In research we have carried out for clients, this learning curve has proved steeper than might be expected. Consumers are conditioned by established interactions with apps to compartmentalise tasks and processes. Delivering the kind of direct, comprehensive instruction that yields the best result doesn't always come naturally. Think back to the early days of search engines, when users relied on trial and error to discover, or had to be explicitly taught, certain commands to make searches more efficient.

Both of these challenges can be overcome by focusing user experience design efforts on core tasks. Doing the basics well will help users scale that learning curve, increasing their confidence in voice control services as the process is clear and the results satisfying. Building this confidence is vital to keep them using the service and prevent voice becoming simply a novelty feature, used to impress people at dinner parties but not in everyday activity.


Equally important is setting clear expectations as to the capabilities of voice control services. While it is important to ensure responses are naturalistic -- blandly repetitive responses to similar queries or commands are a sure-fire way to snap users out of the illusion that they are talking to a real, intelligent thing -- users need to know where the boundaries are. A voice service that can engage in wide-ranging natural conversation may seem like the Holy Grail, but if you encourage users to test the limits of what can be understood or accomplished, you risk dissatisfaction and disillusionment when they eventually bump up against the edges of what it can do. Perhaps counterintuitively, simpler services that are clear about the tight focus of their capabilities can inspire much greater customer satisfaction because they 'just work'.

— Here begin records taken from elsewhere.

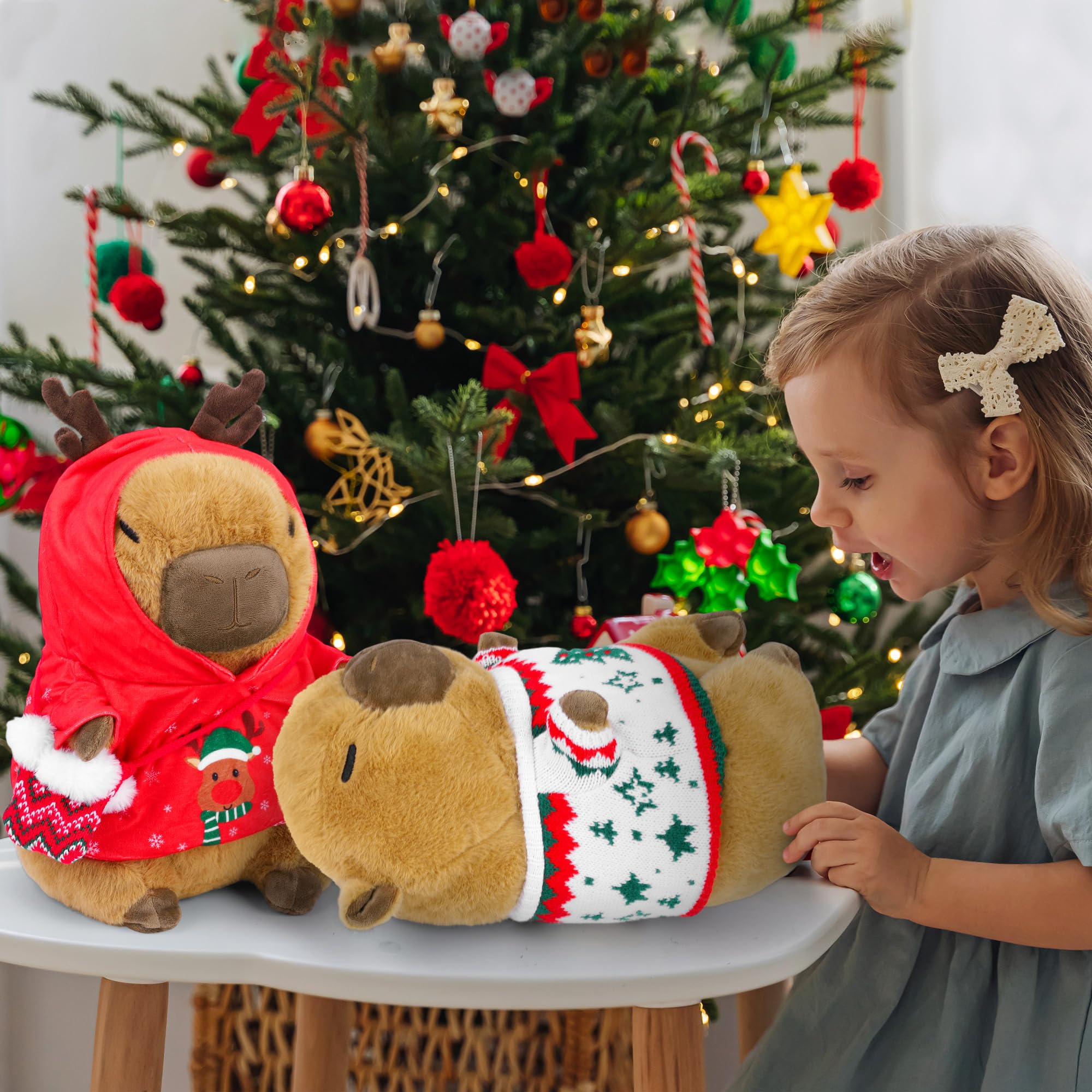 Elcoho capybara scarves provide cozy flair for festive outfits.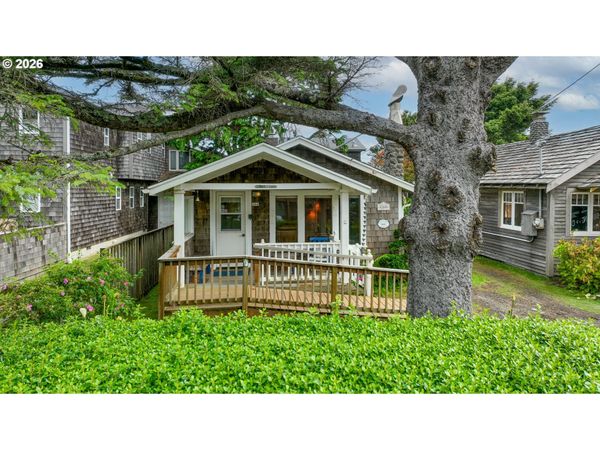 164 W JACKSON ST, Cannon Beach, OR 97110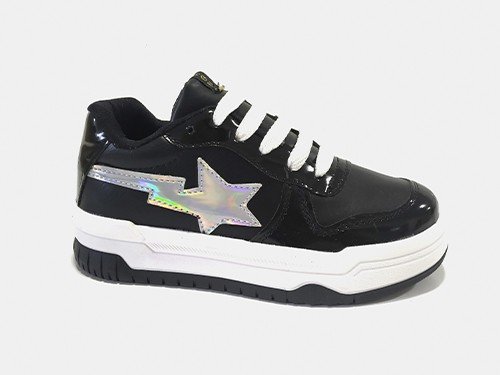 Zapatilla urbana de niña, base alta. AGUS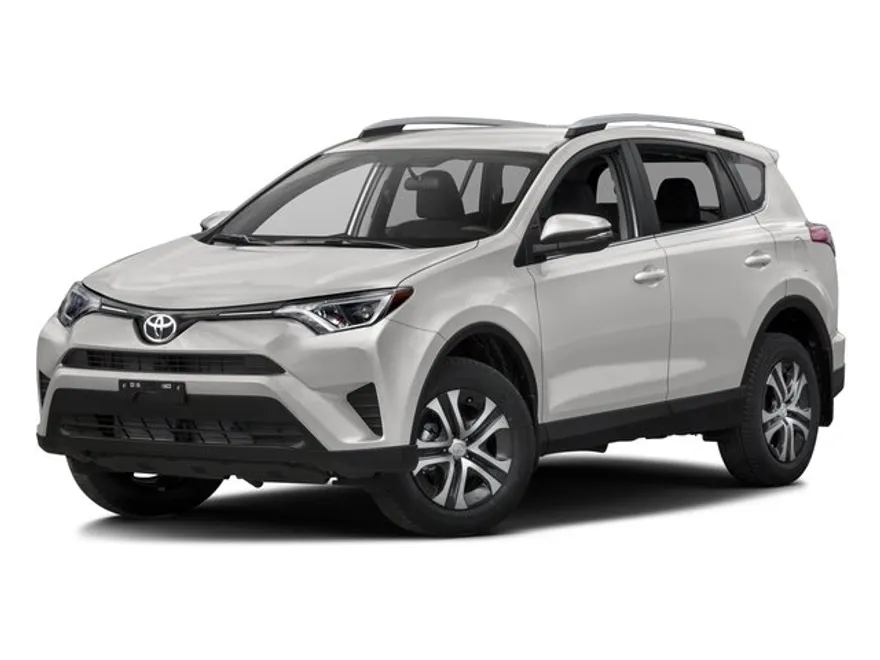 2016 Toyota RAV4 LE photo 1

Voice control technology is undeniably gathering momentum: Alexa had 1,000 available 'skills' in June 2016, a figure that had risen to 7,000 by the start of CES in January 2017. Whether that momentum translates into widespread use of voice control devices by ordinary consumers - not just the tech-savvy early adopter crowd - and voice does indeed establish itself as the new paradigm for interacting with computers, will depend to a large extent on whether device manufacturers and brands can find ways to overcome or bypass these four challenges.